Yesterday I sat in a small house, within virgin Atlantic coastal forest - the last 100,000 hectares left on the Pernambuco coast - discussing the implementation of a Restorative system within the Federal Pernambuco University, considered by many one of the country's best places of advanced learning. Surrounded by cacau, dendê palms, boggy ponds punctured by prehistoric water trees, and the extraordinary chaotic order of sounds - frogs, birds, monkeys...., and endlessly shifting smells of sweet, bitter, pungent..... - the proximity of wild nature changed the conversation.

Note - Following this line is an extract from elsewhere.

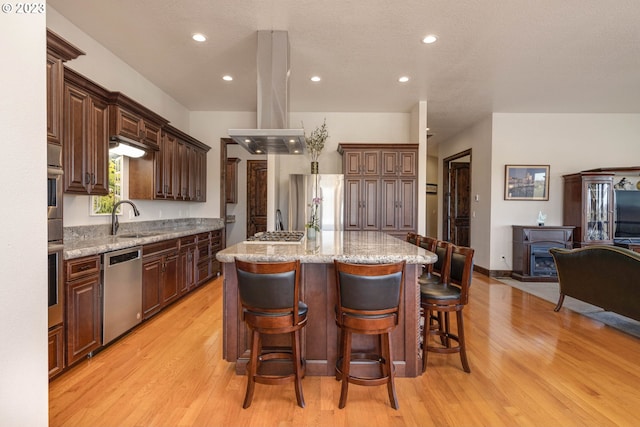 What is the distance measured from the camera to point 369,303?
1.93 meters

By osmosis I experienced my thinking changing and the conceptual framework necessary to sustain the logic of exclusion and imposed pain become increasingly fragile. From permaculture we (re)learn that nature wastes not. The uniqueness of each sound, each leaf, each life form does not presume disconnection from the whole. Rather separateness is unknown and everything co-exists. Responsibility - the ability to respond and the action of doing so - is a given, and is the manifestation of that interconnectedness. Nature is in a constant process of decay-growth, of falling-restoring. On the macro level we call this evolution. On the micro level we call this learning.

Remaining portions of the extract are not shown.